Jeff, please show a piece of software that needs to do PROT_SEAL as
mprotect() or mmap() argument.

Please don't write it as a vague essay.

Instead, take a piece of existing code, write a diff, and show your work.

Then explain that diff, justify why doing the PROT_SEAL as an argument
of mprotect() or mmap() is a required improvement, and show your Linux
developer peers that you can do computer science.

I did the same work in OpenBSD, at least 25% time over 2 years, and I
had to prove my work inside my development community.  I had to prove
that it worked system wide, not in 1 program, with hand-waving for the
rest.  If I had said "Looks, it works in ssh, trust me it works in other
programs", it would not have gone further.
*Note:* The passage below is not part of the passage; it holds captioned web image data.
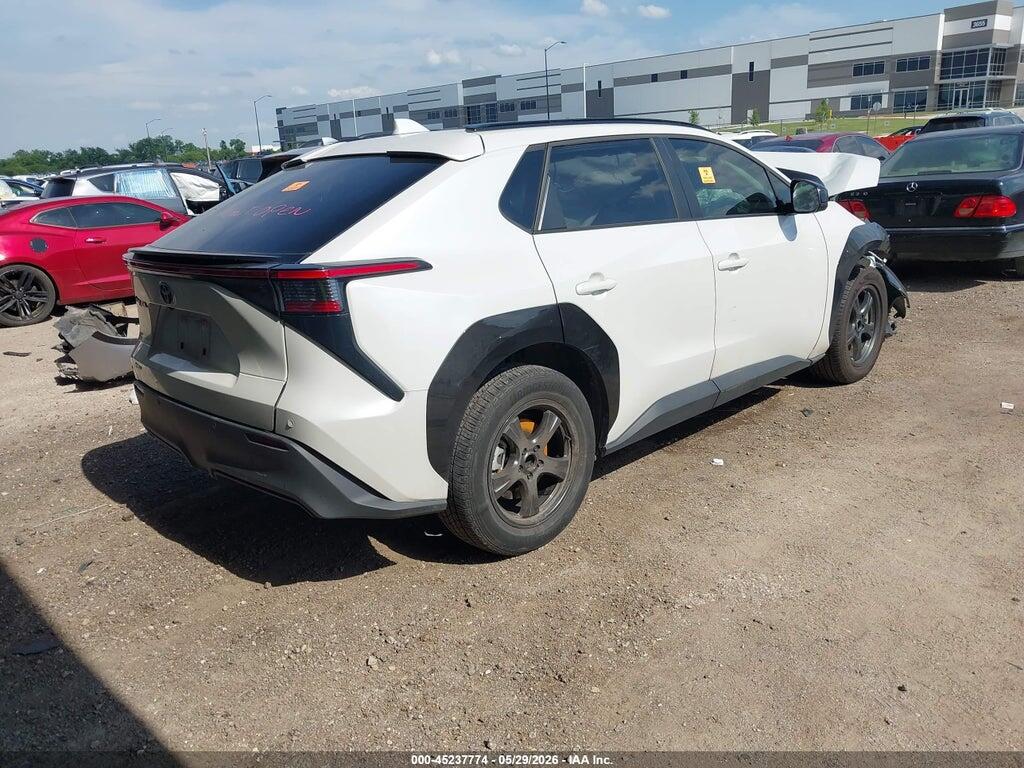 JTMAAAAA1RA046250 2024 TOYOTA BZ4X photo no. 4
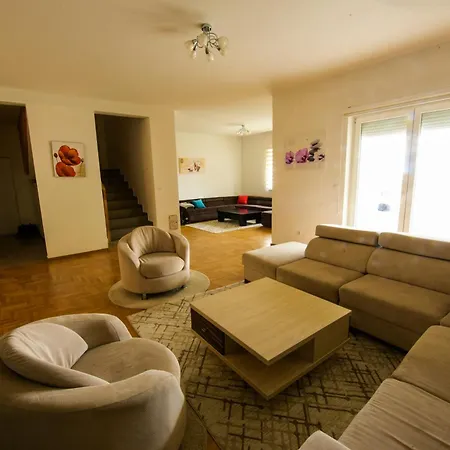 6 * Sarajevo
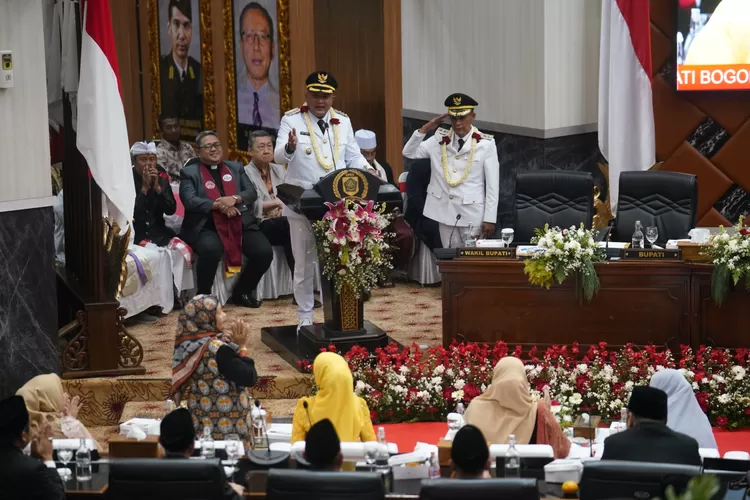 Bupati dan Wakil Bupati Bogor Rudy Susmanto - Ade Ruhandi saat menyampaikan pidato perdananya di DPRD Kabupaten Bogor, Kamis, 20 Februari 2025. (Arifin/Metropolitan)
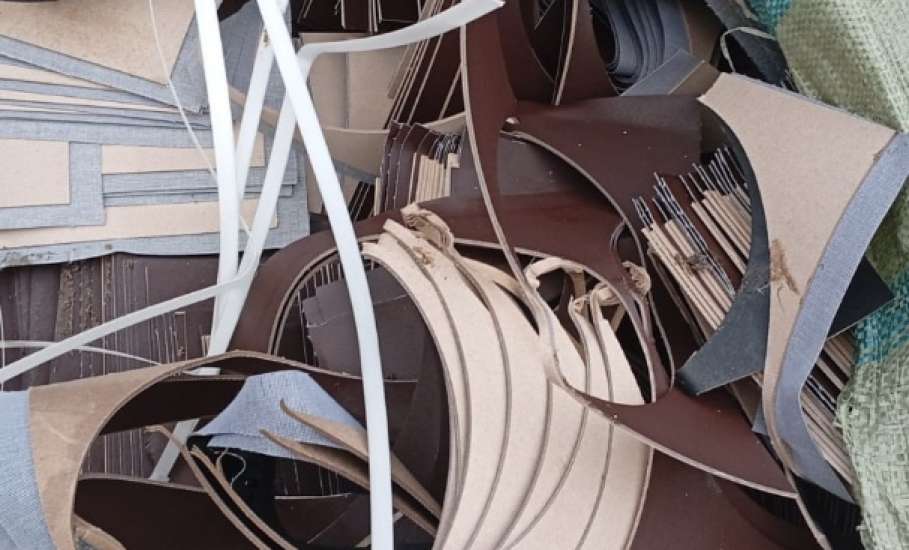 На мусорку в Ельце выбросили щенков! Сотрудники &laquo;Тэко-Сервиса&raquo; их спасли!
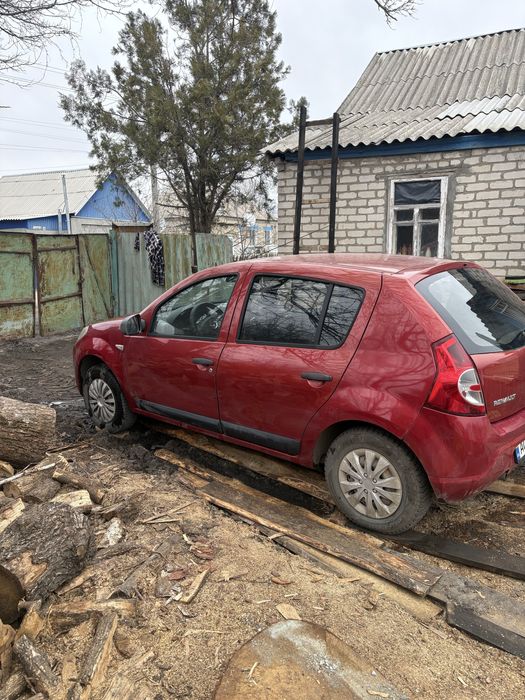 Рено Сандеро 1.4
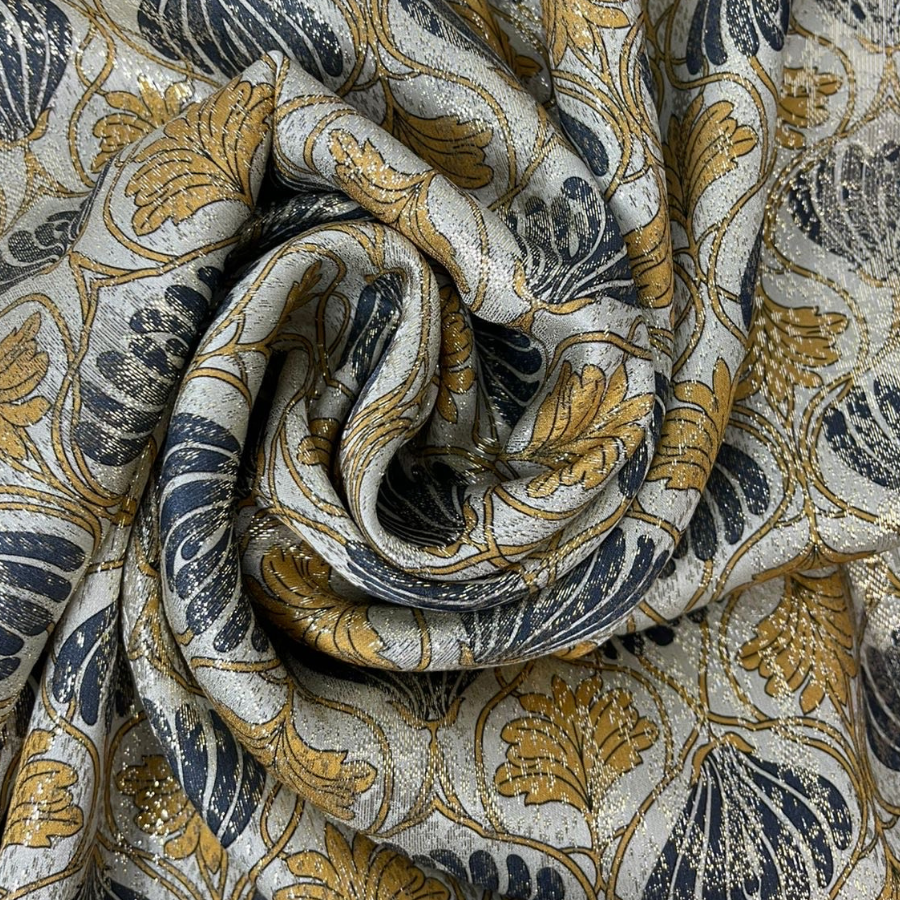 حرير إيطالي ذهبي بنقشة فاخرة مستوحاة من الطراز الكلاسيكي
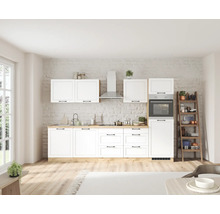 Helle Küche mit weißen Schränken, Dunstabzugshaube und Holzregal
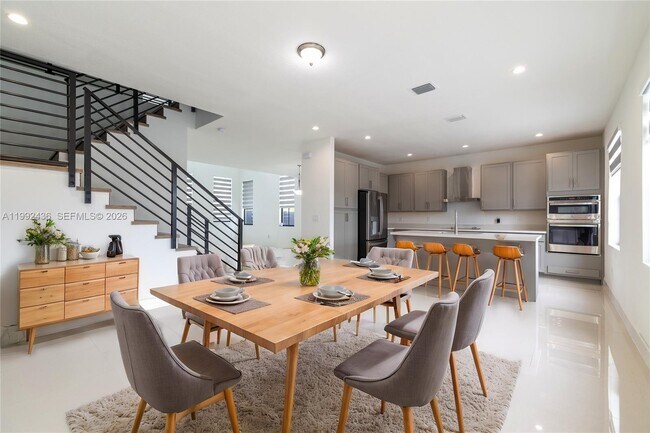 Photo - 1841 SW 145th Ave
glibc is the best example to demonstrate, but smaller examples might
convince.
  
Jeff Xu Feb. 2, 2024, 4:03 a.m. UTC | #4
On Thu, Feb 1, 2024 at 7:54 PM Theo de Raadt <deraadt@openbsd.org> wrote:
>
> Jeff Xu <jeffxu@chromium.org> wrote:
>
> > On Thu, Feb 1, 2024 at 3:11 PM Eric Biggers <ebiggers@kernel.org> wrote:
> > >
> > > On Wed, Jan 31, 2024 at 05:50:24PM +0000, jeffxu@chromium.org wrote:
> > > > [PATCH v8 2/4] mseal: add mseal syscall
> > > [...]
> > > > +/*
> > > > + * The PROT_SEAL defines memory sealing in the prot argument of mmap().
> > > > + */
> > > > +#define PROT_SEAL    0x04000000      /* _BITUL(26) */
> > > > +
> > > >  /* 0x01 - 0x03 are defined in linux/mman.h */
> > > >  #define MAP_TYPE     0x0f            /* Mask for type of mapping */
> > > >  #define MAP_FIXED    0x10            /* Interpret addr exactly */
> > > > @@ -33,6 +38,9 @@
> > > >  #define MAP_UNINITIALIZED 0x4000000  /* For anonymous mmap, memory could be
> > > >                                        * uninitialized */
> > > >
> > > > +/* map is sealable */
> > > > +#define MAP_SEALABLE 0x8000000       /* _BITUL(27) */
> > >
> > > IMO this patch is misleading, as it claims to just be adding a new syscall, but
> > > it actually adds three new UAPIs, only one of which is the new syscall.  The
> > > other two new UAPIs are new flags to the mmap syscall.
> > >
> > The description does include all three. I could update the patch title.
> >
> > > Based on recent discussions, it seems the usefulness of the new mmap flags has
> > > not yet been established.  Note also that there are only a limited number of
> > > mmap flags remaining, so we should be careful about allocating them.
> > >
> > > Therefore, why not start by just adding the mseal syscall, without the new mmap
> > > flags alongside it?
> > >
> > > I'll also note that the existing PROT_* flags seem to be conventionally used for
> > > the CPU page protections, as opposed to kernel-specific properties of the VMA
> > > object.  As such, PROT_SEAL feels a bit out of place anyway.  If it's added at
> > > all it perhaps should be a MAP_* flag, not PROT_*.  I'm not sure this aspect has
> > > been properly discussed yet, seeing as the patchset is presented as just adding
> > > sys_mseal().  Some reviewers may not have noticed or considered the new flags.
> > >
> > MAP_ flags is more used for type of mapping, such as MAP_FIXED_NOREPLACE.
> >
> > The PROT_SEAL might make more sense because sealing the protection bit
> > is the main functionality of the sealing at this moment.
>
> Jeff, please show a piece of software that needs to do PROT_SEAL as
> mprotect() or mmap() argument.
>
I didn't propose mprotect().

for mmap() here is a potential use case:

fs/binfmt_elf.c
if (current->personality & MMAP_PAGE_ZERO) {
                /* Why this, you ask???  Well SVr4 maps page 0 as read-only,
                   and some applications "depend" upon this behavior.
                   Since we do not have the power to recompile these, we
                   emulate the SVr4 behavior. Sigh. */

                error = vm_mmap(NULL, 0, PAGE_SIZE,
                                PROT_READ | PROT_EXEC,   <-- add PROT_SEAL
                                MAP_FIXED | MAP_PRIVATE, 0);
        }

I don't see the benefit of RWX page 0, which might make a null
pointers error to become executable for some code.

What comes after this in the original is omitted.